Dad had an awesome John Deere 4020, probably 1963 vintage. It was a monster of a tractor to us kids – somehow always present during those early days and years of sculpting the property and pushing beyond the original boundaries of EarAcres. Dad did everything around that farm – I mean he literally built everything except the house. It was our home, we were never going back to the city and it was time to build our future. Forts were quickly erected with palisades and fire pits and dual stories. Aerial creek crossings were accomplished by trusting the vines that descended from overhead canopy, occasionally releasing their sinuous grip and sending the passenger to their ultimate heap in the congested forest floor. Epic games of cowboys and Indians were played out after we’d met enough kids to start our own circle of friends. We were always building, always improving – the fun was part of a cycle of work and play, an early exposure to what life should be all about – work hard, play hard. Enjoy the fruits of your labor.

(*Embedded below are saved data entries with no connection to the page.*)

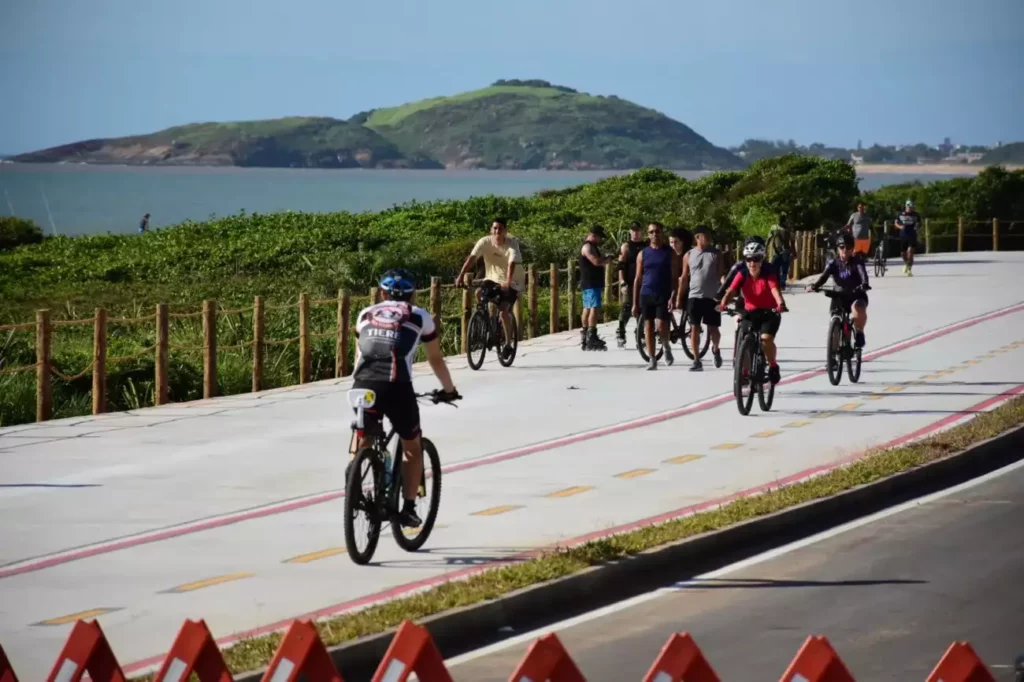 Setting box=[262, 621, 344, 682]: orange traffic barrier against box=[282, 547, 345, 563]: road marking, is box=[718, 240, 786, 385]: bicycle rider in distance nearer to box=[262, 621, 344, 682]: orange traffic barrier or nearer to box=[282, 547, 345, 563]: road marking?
box=[282, 547, 345, 563]: road marking

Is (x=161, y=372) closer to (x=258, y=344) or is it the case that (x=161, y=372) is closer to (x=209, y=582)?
(x=258, y=344)

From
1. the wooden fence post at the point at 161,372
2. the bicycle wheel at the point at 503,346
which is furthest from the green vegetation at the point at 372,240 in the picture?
the wooden fence post at the point at 161,372

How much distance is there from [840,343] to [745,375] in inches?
121

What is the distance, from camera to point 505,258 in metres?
23.7

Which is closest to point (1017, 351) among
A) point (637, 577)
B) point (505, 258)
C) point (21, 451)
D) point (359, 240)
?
point (505, 258)

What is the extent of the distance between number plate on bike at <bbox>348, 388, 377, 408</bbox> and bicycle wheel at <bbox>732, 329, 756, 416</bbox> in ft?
27.2

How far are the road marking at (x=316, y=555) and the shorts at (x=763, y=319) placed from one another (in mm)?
8380

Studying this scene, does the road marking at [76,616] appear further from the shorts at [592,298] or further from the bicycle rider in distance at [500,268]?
the shorts at [592,298]

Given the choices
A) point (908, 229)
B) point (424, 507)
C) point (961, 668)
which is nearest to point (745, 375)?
point (424, 507)

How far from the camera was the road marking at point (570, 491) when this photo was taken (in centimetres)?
1397

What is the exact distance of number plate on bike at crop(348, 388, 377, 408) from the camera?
36.2 feet

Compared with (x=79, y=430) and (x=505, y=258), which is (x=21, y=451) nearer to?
(x=79, y=430)

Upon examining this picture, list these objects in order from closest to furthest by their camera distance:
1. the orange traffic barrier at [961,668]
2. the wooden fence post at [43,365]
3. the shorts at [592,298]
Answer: the orange traffic barrier at [961,668]
the wooden fence post at [43,365]
the shorts at [592,298]

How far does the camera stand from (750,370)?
19.0 m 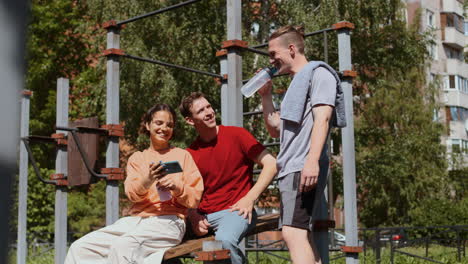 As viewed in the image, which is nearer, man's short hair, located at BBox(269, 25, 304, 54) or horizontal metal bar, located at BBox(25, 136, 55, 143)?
man's short hair, located at BBox(269, 25, 304, 54)

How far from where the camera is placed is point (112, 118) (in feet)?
20.0

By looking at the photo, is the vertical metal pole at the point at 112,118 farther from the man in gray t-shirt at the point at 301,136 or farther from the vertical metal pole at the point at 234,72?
the man in gray t-shirt at the point at 301,136

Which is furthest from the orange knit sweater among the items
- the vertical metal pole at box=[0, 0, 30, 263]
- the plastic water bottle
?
the vertical metal pole at box=[0, 0, 30, 263]

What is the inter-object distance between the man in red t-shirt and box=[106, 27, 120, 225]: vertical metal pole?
1.77 metres

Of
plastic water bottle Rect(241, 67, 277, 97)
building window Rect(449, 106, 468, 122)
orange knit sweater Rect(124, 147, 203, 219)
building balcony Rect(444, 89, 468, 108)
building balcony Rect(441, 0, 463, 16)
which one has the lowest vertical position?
orange knit sweater Rect(124, 147, 203, 219)

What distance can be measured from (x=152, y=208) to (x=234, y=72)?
120 centimetres

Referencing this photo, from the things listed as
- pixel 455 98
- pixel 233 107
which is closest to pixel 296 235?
pixel 233 107

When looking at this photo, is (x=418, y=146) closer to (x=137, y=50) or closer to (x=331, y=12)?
(x=331, y=12)

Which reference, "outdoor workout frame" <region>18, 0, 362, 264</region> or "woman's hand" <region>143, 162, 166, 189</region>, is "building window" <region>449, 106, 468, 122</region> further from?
"woman's hand" <region>143, 162, 166, 189</region>

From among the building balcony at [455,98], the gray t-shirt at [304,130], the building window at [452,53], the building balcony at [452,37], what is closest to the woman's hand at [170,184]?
the gray t-shirt at [304,130]

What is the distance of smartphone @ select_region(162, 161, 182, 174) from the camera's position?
3.54m

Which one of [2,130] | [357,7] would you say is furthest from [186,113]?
[357,7]

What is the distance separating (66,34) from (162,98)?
9110 millimetres

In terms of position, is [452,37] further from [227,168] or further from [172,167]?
[172,167] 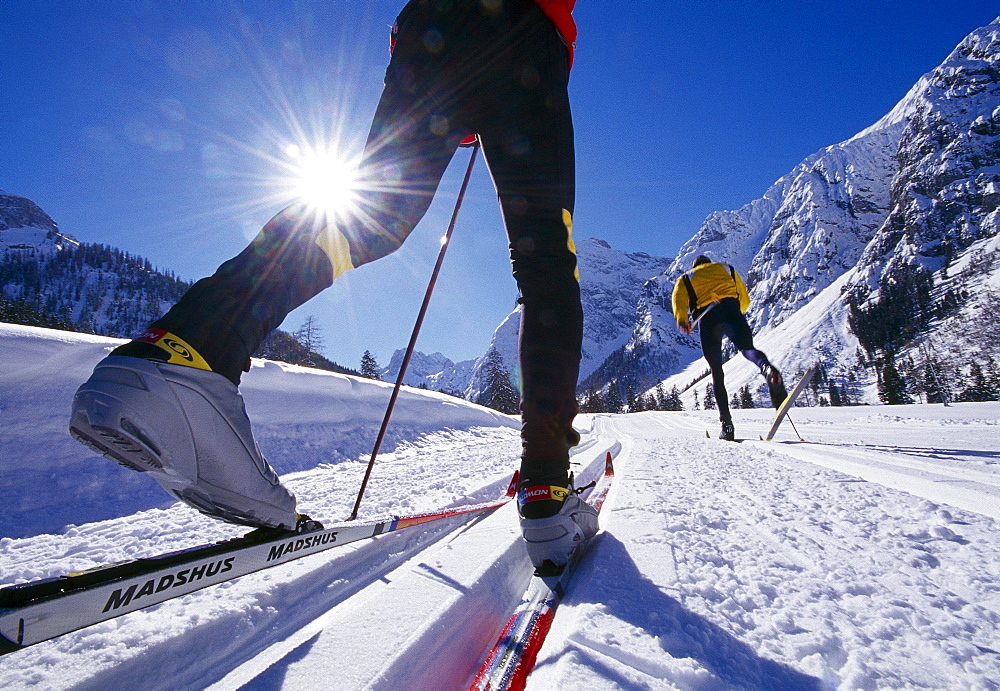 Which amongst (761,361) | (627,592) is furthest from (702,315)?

We took flight regularly. In fact most of my early childhood memories revolve around flying or destinations we flew ourselves to. Oddly enough most of the early flying I can remember didn’t actually originate on our home-base grass strip. Dad kept a majestic Cessna 414C at Kansas City Municipal, just north of downtown in a southern oxbow of the Missouri River. 4694N was sleek, fast and everything I knew about my Dad. He’d grab us from school on some random day and we’d be off to Pinedale, Wyoming or Taos, New Mexico or Portland, Oregon – Nick, Dad, Griff and I. Griff was our dog, he was built like the log home we lived in and had a magnificent set of balls that I guess Dad just couldn’t bring himself to have removed. Fly fishing, skiing, and of course work. Dad’s job required him to be everywhere and he took us along. I remember so many nights falling asleep under restaurant tables with Nick while Dad and his business associates talked away. Work was always there, but we didn’t mind. It was familiar and constant, just like our Dad.

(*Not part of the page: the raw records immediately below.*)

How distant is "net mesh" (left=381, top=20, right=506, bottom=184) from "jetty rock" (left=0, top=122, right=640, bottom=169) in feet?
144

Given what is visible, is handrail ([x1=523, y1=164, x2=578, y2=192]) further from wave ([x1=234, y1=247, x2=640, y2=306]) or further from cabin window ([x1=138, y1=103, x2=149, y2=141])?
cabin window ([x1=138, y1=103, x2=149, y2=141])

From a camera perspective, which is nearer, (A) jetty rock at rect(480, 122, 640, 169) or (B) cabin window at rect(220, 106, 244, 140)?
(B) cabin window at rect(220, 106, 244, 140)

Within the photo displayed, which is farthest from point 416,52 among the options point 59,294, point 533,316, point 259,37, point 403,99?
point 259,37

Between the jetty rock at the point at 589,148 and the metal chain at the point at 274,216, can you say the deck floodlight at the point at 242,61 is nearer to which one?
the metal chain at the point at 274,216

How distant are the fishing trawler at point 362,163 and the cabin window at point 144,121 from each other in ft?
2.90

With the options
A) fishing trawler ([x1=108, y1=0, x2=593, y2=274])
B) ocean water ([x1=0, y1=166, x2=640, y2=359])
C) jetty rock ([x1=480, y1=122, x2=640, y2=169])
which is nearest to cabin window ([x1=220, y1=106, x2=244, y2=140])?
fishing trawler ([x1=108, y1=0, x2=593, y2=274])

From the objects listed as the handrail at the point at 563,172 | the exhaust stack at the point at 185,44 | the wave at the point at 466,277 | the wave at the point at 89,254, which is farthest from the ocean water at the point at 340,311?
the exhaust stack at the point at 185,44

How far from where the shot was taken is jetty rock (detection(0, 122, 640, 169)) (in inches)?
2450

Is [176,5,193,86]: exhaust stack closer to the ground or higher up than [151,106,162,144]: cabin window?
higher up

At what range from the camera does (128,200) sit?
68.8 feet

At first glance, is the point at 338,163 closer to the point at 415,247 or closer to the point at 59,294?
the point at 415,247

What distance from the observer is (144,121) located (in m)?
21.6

Those airplanes were freedom for my Dad, I realize that now. It’s inconceivable for me to think about owning something like one of his planes, the risk associated with piloting an aircraft with your family on board. The skill and confidence it takes to be a pilot, let alone a great pilot like my Dad. He was fairly young but had a long history as an aviator, instructor and always a student. He flew ‘at altitude,’ meaning he operated a pressurized aircraft with twin engines. This wasn’t casual flying, but serious and technical aviation that requires focus. But it meant we could go virtually anywhere, and boy did we go. I remember Dad in deep concentration in pilot shacks across the great American West, contemplating routes, weather and safety. I remember watching other pilots ‘go for it’ when my Dad called them crazy behind their backs, opting to wait out the weather just one more day, probably allowing for some more time in the streams. We were free and it was the best time of my life.

My adolescence played out like a convoluted series of riffles in a stream. Rapacious flow checked by periodic pooling of time – events that pockmark a timeline of rapid growth and development, ultimately yielding a supreme opportunity for reflection earlier than most would probably succumb to. But that’s how life goes – every terminus at the ocean started as a small rivulet that congealed with multitudes of other rivulets to stave off ephemeral flow. The higher the elevation of the waterway, the younger the flow and inevitably the more turbulent the water. The distinguishing characteristics of any flow starts with the immovable obstacles that force the water to bend and ebb and pause. This momentary disruption also provides a safe haven for insects and fish, a pause in the turbulence to gather strength and fortitude from the next bite of food that is delivered rather than pursued. But down it must fall, toeing the line of gravity because there is no other way – all the way from the highest post-alpine reaches to the fertile valley lands and ultimately reaching the great collecting pool. Moving fast when we’re light and free and slowing as we gather mass and purpose. I’m hoping to capture a few of the stones and boulders and log jams that created the interruption of flow. Enjoy.